Nuns knelt in prayer by the coffin and continued their vigil through the night. At noon on 8 September, a small number of people gathered in the house to attend the interment in the mausoleum. The mourners included the Claremont children and their spouses; Horace Pym and his wife; Arthur Riddell and Christopher Scott; the Catholic Bishop of Southwark; the chaplain of the Convent of the Sacred Heart; Michael Dwane and Marie Marque; and Yolande’s friend from Méry, Edgar de Ségur-Lamoignon.
Constance Smith came to watch the proceedings and was invited
into the house by the lady’s maid:
The drawing room was filled with flowers and there were nuns kneeling by the little coffin – such a very little coffin – which lay in front of the temporary altar where two Bishops were presiding. Then the procession formed and headed by the Bishops the tiny coffin was carried across the garden to the mausoleum she had built for her husband’s body.

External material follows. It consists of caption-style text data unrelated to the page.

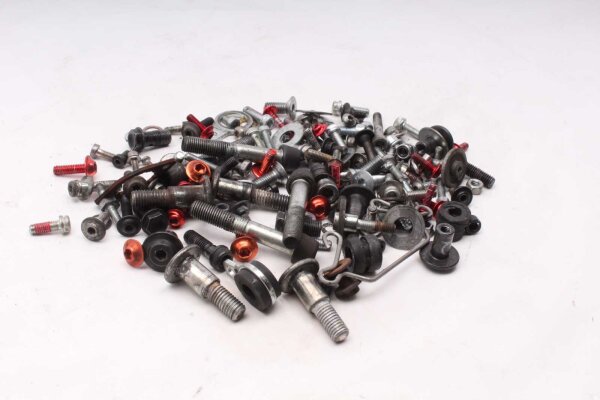 Restschrauben Satz Verkleidung Rahmen Ducati Monster 796 M796 10-16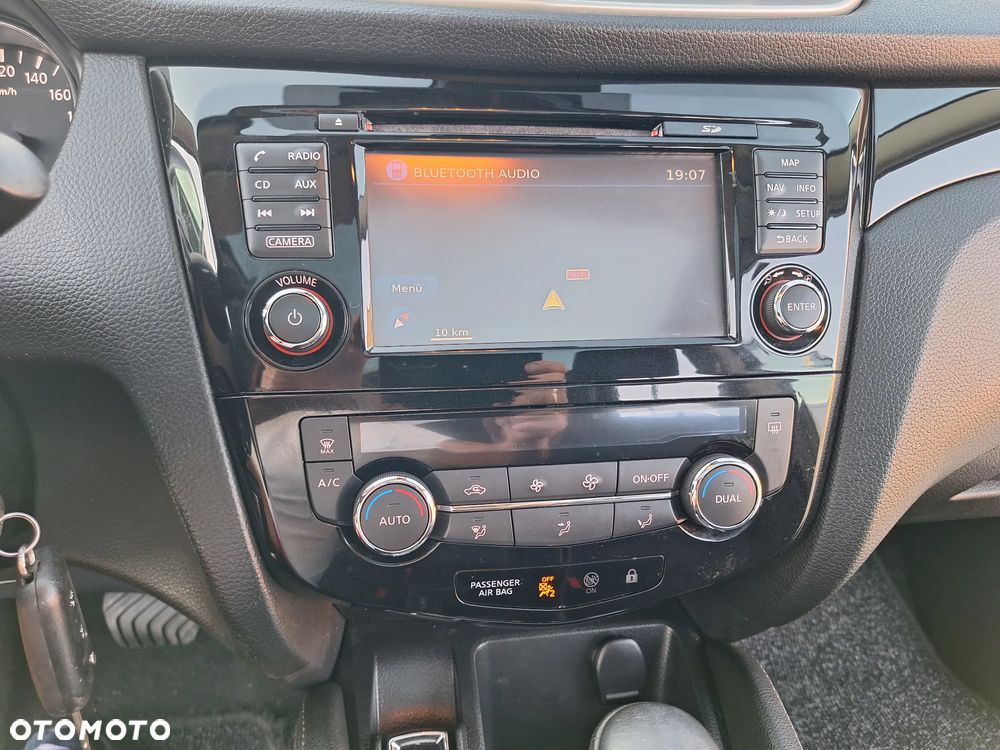 Nissan Qashqai 1.2 DIG-T Xtronic TEKNA - 19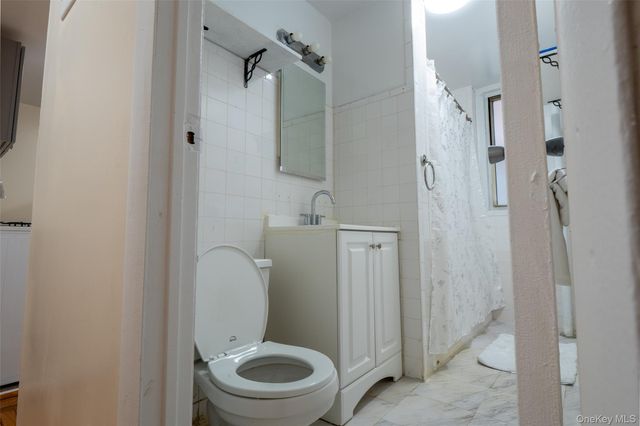 34-58 90 Street J4, Jackson Heights, NY 11372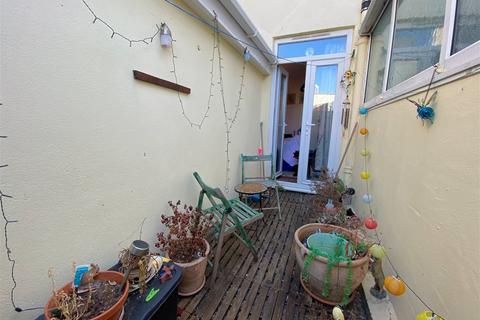 Ground Floor Flat, 22 Derwent Road, Torquay, TQ1 3QL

The chief mourner was General Claremont’s youngest son, but he seemed too feeble to be able to follow the funeral, and sank into a chair as it left the house. There were the Claremont daughters as mourners, but I saw no sign of grief, nor any tears except in the eyes of the little French lady’s maid who had invited us into the house, recognising us as neighbours.4
The procession crossed the terrace and passed through the rose garden to the mausoleum. Yolande might have preferred to have joined Edward in his grave outside the building, continuing the ménage-à-trois for all time, but the bearers continued up the steps and into the gloom of the interior. The sarcophagus had been opened and, as the clergy spoke the words of committal, Yolande’s small coffin was lowered into the tomb alongside the large one which held the remains of her husband.
Two days later, Harry received a letter, in almost indecipherable handwriting, from his father’s friend General Trochu. Calling himself ‘an octogenarian relic and an invalid’, Trochu explained that he had sent a letter to Yolande every year on the anniversary of Edward’s death, to commemorate the passing of a man ‘who held so great a place in my life’. This was the first year that she had not replied. He sent his condolences to Harry and also to Michael Dwane, ‘who showed such extraordinary devotion to her soul’.

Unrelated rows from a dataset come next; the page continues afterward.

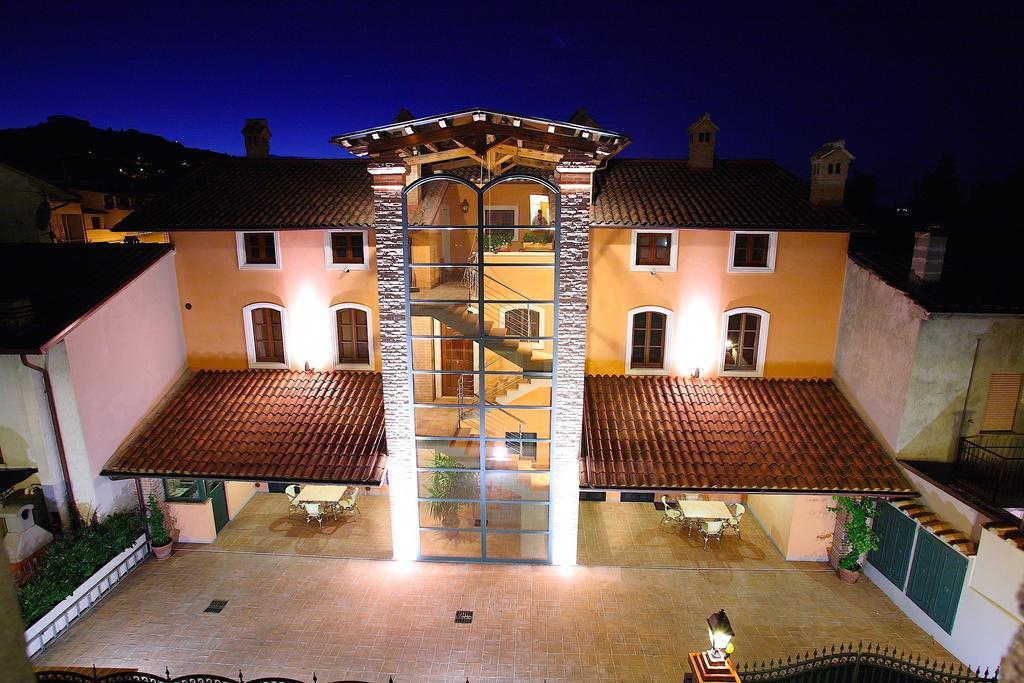 פרוג'ה Residenze L'Uncinaia Holiday House חדר תמונה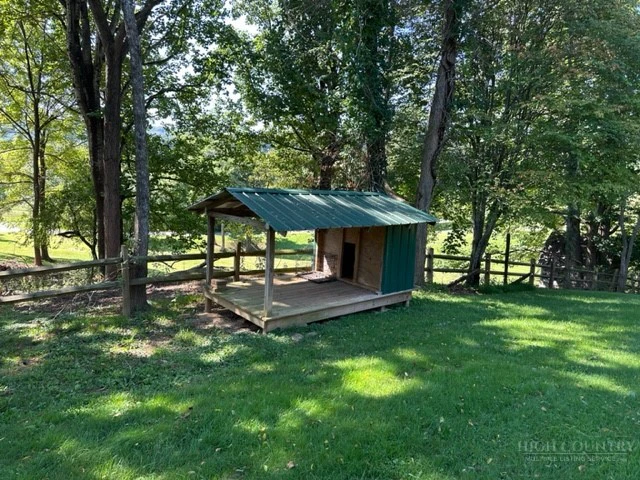 Image number 28 for the current listing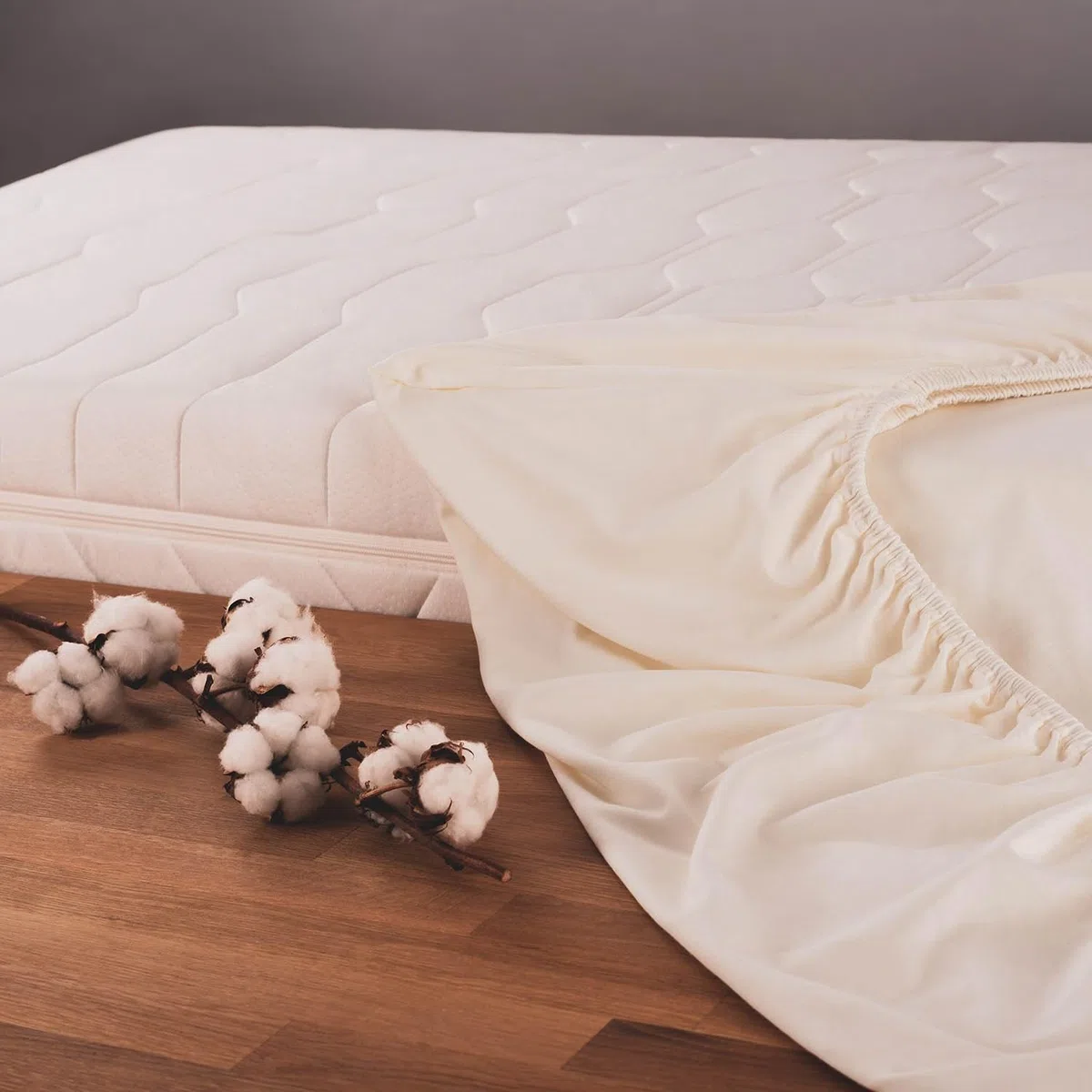 Blumtal Lenzuolo con Angoli una piazza e mezza 140x200 in Cotone 150g/m² - Lenzuola letto una piazza e mezza con Angoli - Lenzuolo Sotto con Angoli - Lenzuolo Angoli - altezza materasso 25 cm - avorio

In his advent address on 28 November, Arthur Riddell paid tribute to the woman who had given so much to his diocese:
We commend to your prayers the soul of one who has recently passed away … Her innumerable works of religion and charity during her life, and especially in recent years, force us to acknowledge our indebtedness to her … Gratefully remembering these gifts we ask our beloved clergy to remember her at Holy Mass and we ask them and you all often to pray for her soul. Her name has been inscribed in our Liber Vitae among the great benefactors whether living or dead, and for these we constantly offer up Mass and prayers that God may bless their good estate in life and after death receive them to their reward.5
Obituaries in the newspapers also referred to Yolande’s charitable works and her building of churches. Only a very few mentioned her years on the stage. ‘To 99 per cent of the present generation,’ explained the Pall Mall Gazette:
the names of Duvernay and Lyne Stephens convey nothing whatsoever; yet the lady who bore these successively and who passed away last week at a very ripe old age was, more than sixty years ago, the subject of much comment and the object of much admiration with our grandfathers, who crowded old Drury Lane to see her.6
An elderly journalist in Cambridge recalled her Cachucha:
I wonder if there are many people who know that this venerable and untiringly charitable lady was, prior to her marriage to Mr Stephens Lyne Stephens, famous throughout the civilised world as the enchanting operatic dancer, Yolande Marie Louise Duvernay. This wondrous ballerina made her first appearance in Drury Lane in 1833, but it was in a pas seul – the Spanish dance of the Cachucha – that I especially remember her. I can see her now, in my mind’s eye, in her modest pink skirt with black lace flounces … and hear the merry clatter of her castanets.7
23
THE PRECIOUS BOY
He spends money at such a rate that I wonder how he will manage to live … He seems to have no idea what he spends. His extravagance makes me uneasy on his account.
Kitty Bedingfeld, c. 1922
Two weeks later, a Catholic newspaper published a mean-spirited tribute to the woman who had given so much to the Church: ‘The operatic boards are not the exact spot to spend an apprenticeship to the great aims of existence, but when one is naturally good and desirous of obeying the commands of the Church, one can work out salvation anyway.’1
The Pall Mall Gazette was more prosaic, referring to Yolande as ‘the wealthiest lady in England’. On 3 January 1895, 12,000 miles away in the remote Chatham Islands, Edward Chudleigh made a note in his diary: ‘Mail arrived with account of Mrs Lyne Stephens’s death leaving nearly two millions of money.’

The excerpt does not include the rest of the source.